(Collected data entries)
+ + +

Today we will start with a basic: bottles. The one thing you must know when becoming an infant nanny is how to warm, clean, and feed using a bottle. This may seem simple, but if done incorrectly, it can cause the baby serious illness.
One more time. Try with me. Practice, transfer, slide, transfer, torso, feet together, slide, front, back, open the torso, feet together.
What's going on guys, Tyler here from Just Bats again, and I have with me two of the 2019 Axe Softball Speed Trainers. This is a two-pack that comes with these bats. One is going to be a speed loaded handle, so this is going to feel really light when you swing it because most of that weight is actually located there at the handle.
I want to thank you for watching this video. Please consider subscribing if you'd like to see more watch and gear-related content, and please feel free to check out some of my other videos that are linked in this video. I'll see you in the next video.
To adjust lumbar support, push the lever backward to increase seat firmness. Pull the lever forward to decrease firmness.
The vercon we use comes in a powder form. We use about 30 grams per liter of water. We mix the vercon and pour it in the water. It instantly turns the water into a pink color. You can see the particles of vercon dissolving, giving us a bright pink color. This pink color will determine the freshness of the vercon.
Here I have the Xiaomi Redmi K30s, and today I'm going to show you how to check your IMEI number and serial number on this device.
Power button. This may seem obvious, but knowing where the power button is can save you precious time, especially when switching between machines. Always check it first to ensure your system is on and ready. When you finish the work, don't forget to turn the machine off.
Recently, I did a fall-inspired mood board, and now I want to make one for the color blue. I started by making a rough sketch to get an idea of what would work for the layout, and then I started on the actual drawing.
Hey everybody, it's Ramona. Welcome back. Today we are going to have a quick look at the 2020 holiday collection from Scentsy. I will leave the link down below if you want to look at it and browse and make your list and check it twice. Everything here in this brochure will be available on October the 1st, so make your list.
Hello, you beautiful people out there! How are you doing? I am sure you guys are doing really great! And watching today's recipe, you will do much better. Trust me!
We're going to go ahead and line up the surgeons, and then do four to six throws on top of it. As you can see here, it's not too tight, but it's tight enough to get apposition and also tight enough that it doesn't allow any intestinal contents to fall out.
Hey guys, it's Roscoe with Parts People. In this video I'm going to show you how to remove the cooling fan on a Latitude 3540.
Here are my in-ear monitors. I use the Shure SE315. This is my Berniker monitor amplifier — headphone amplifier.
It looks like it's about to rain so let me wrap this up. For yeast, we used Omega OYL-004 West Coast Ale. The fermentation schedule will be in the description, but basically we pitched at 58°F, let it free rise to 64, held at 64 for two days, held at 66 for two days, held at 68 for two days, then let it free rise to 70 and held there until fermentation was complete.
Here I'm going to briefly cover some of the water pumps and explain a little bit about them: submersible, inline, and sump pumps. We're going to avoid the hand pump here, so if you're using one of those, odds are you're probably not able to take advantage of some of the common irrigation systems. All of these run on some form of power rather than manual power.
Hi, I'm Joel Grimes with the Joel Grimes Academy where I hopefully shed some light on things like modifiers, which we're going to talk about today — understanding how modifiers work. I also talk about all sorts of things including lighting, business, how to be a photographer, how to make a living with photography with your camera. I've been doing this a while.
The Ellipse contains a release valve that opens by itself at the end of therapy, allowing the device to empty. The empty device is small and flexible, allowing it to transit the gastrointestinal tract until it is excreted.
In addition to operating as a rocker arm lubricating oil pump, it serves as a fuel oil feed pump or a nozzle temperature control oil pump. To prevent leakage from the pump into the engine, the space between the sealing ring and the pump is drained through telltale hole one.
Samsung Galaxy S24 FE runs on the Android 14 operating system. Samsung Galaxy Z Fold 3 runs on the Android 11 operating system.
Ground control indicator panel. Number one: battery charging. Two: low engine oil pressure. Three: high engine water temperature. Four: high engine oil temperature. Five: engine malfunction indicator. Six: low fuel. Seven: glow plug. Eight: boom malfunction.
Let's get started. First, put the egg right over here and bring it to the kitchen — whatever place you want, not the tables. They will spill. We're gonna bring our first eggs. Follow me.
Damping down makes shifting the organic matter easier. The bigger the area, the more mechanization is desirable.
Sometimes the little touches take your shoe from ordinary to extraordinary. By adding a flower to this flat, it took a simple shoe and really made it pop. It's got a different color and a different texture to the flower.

+ + +

Above are the records; please copy exactly their first line and each line after it through the line containing "What's going on", and no line after that.

Today we will start with a basic: bottles. The one thing you must know when becoming an infant nanny is how to warm, clean, and feed using a bottle. This may seem simple, but if done incorrectly, it can cause the baby serious illness.
One more time. Try with me. Practice, transfer, slide, transfer, torso, feet together, slide, front, back, open the torso, feet together.
What's going on guys, Tyler here from Just Bats again, and I have with me two of the 2019 Axe Softball Speed Trainers. This is a two-pack that comes with these bats. One is going to be a speed loaded handle, so this is going to feel really light when you swing it because most of that weight is actually located there at the handle.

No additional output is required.